Set down, exactly as written, the line containing "CaramelToy online show from 02.28.26" and all the lines that follow it to the end of the entries below, omitting every picture.

Web page caption snippets:
--------------------

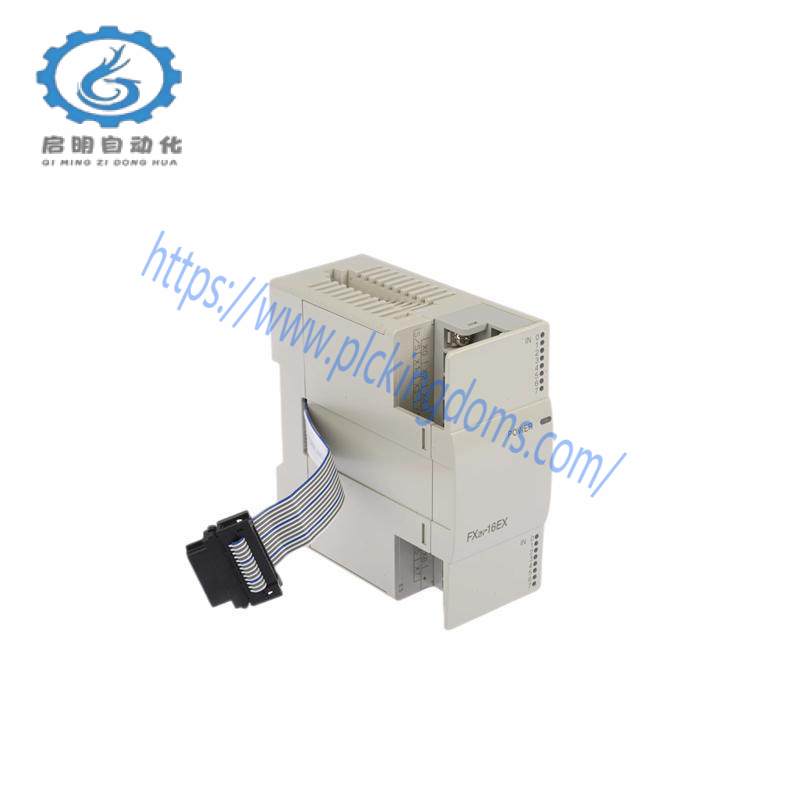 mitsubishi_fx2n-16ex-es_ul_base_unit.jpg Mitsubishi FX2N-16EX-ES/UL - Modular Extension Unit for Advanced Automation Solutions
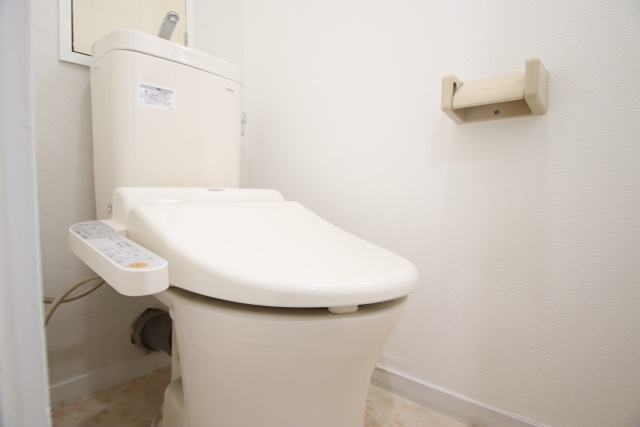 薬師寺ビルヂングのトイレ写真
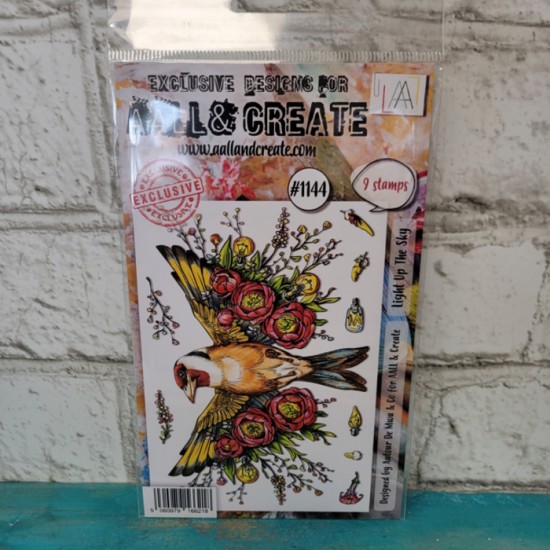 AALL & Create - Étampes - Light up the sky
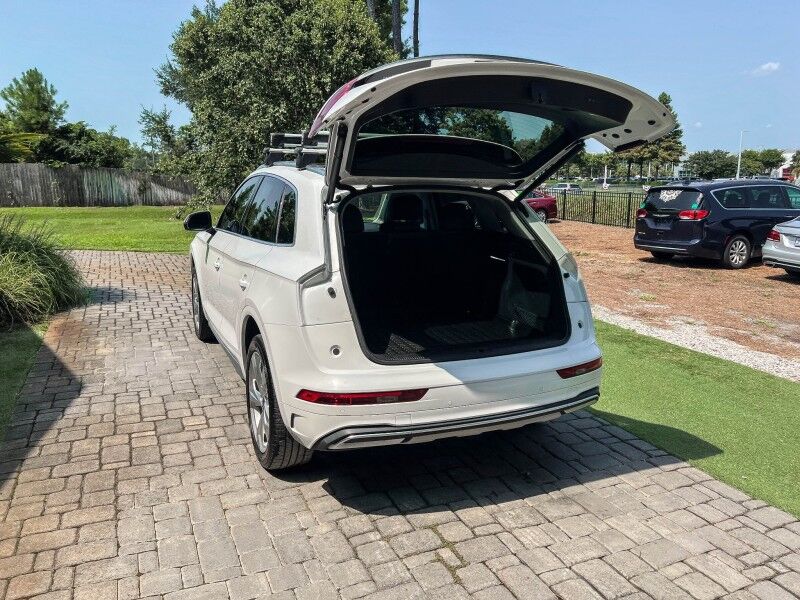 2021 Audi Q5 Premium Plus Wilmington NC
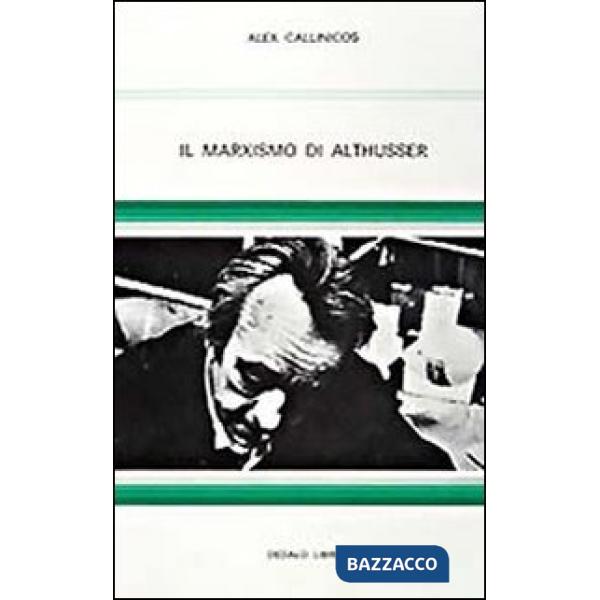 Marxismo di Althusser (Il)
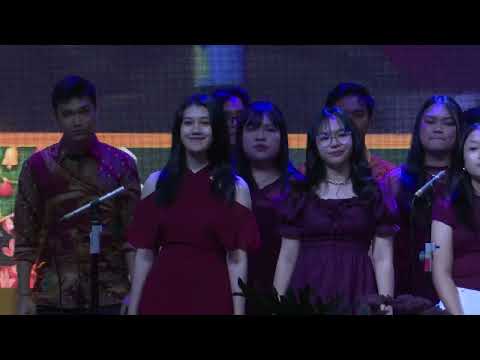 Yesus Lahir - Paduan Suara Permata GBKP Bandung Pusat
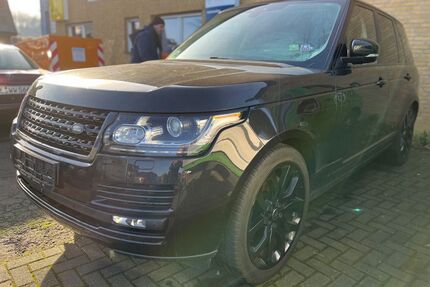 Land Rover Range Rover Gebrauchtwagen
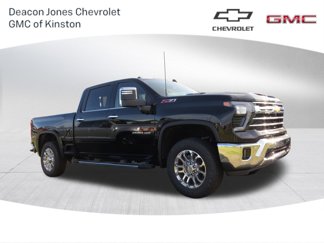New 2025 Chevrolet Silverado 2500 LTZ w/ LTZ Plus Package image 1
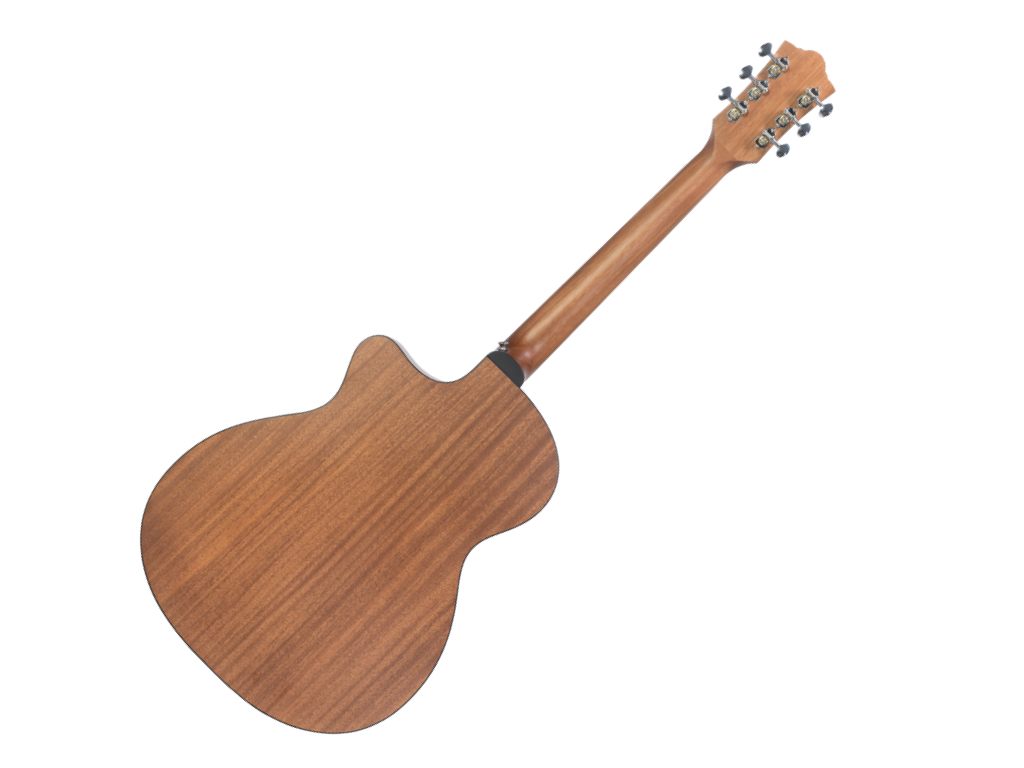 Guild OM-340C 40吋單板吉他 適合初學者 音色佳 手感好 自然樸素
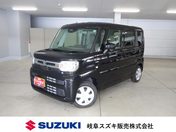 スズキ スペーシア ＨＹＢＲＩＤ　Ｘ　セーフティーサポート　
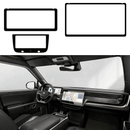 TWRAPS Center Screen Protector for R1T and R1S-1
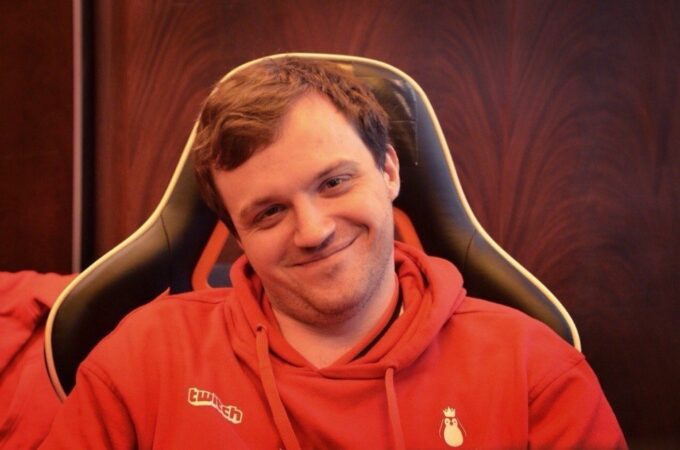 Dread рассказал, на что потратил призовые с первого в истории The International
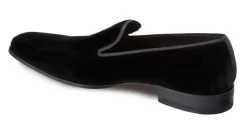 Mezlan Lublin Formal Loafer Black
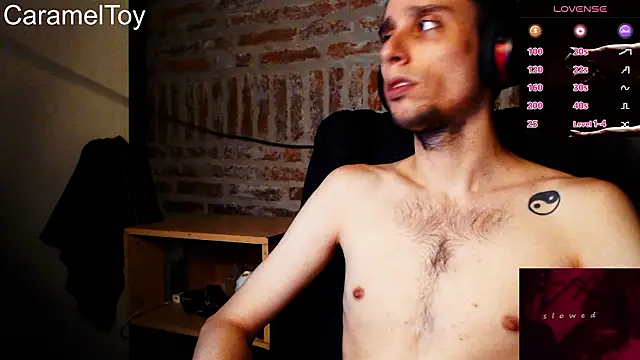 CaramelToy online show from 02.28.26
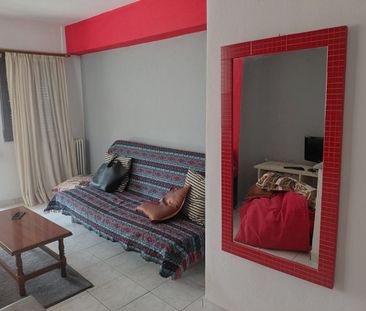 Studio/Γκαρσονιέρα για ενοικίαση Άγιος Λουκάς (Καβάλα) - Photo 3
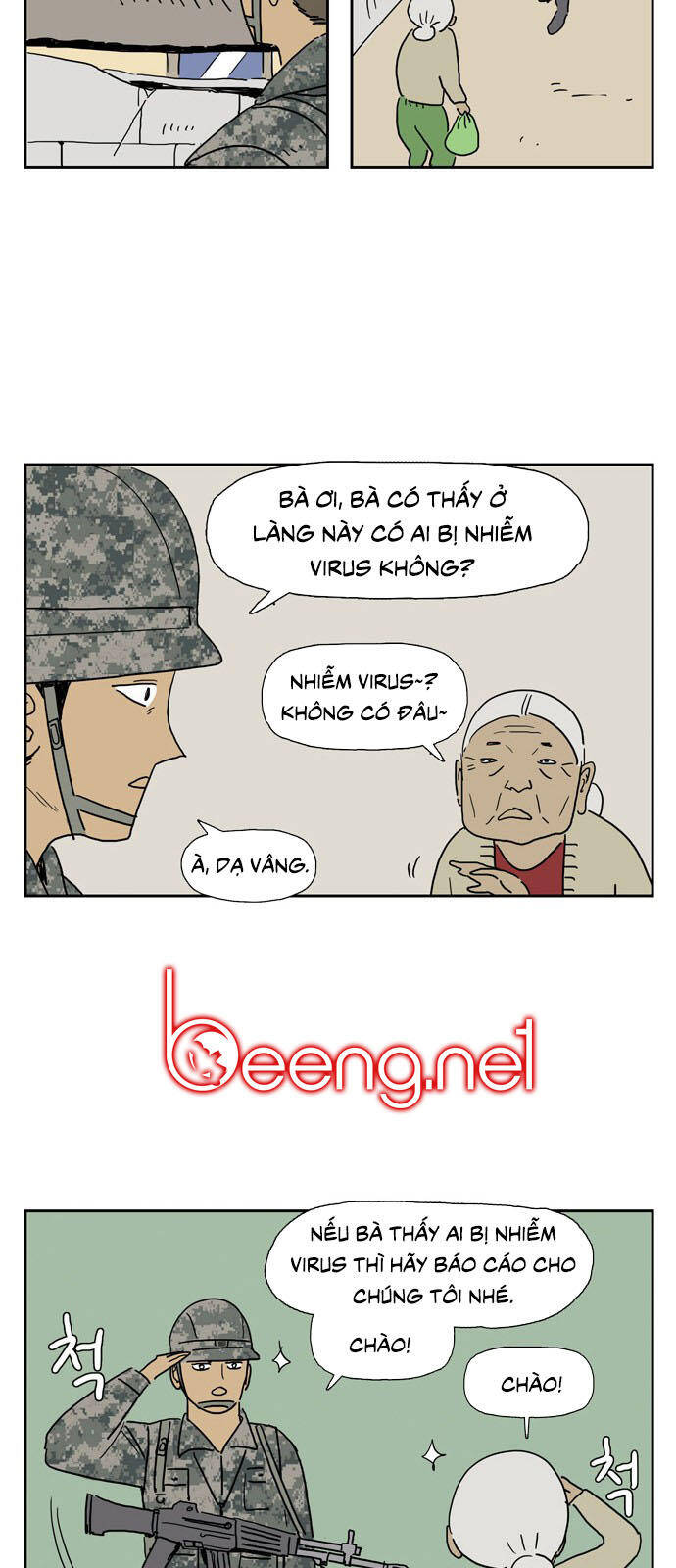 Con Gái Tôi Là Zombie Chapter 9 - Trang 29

--------------------

Exercise output:
 CaramelToy online show from 02.28.26
 Studio/Γκαρσονιέρα για ενοικίαση Άγιος Λουκάς (Καβάλα) - Photo 3
 Con Gái Tôi Là Zombie Chapter 9 - Trang 29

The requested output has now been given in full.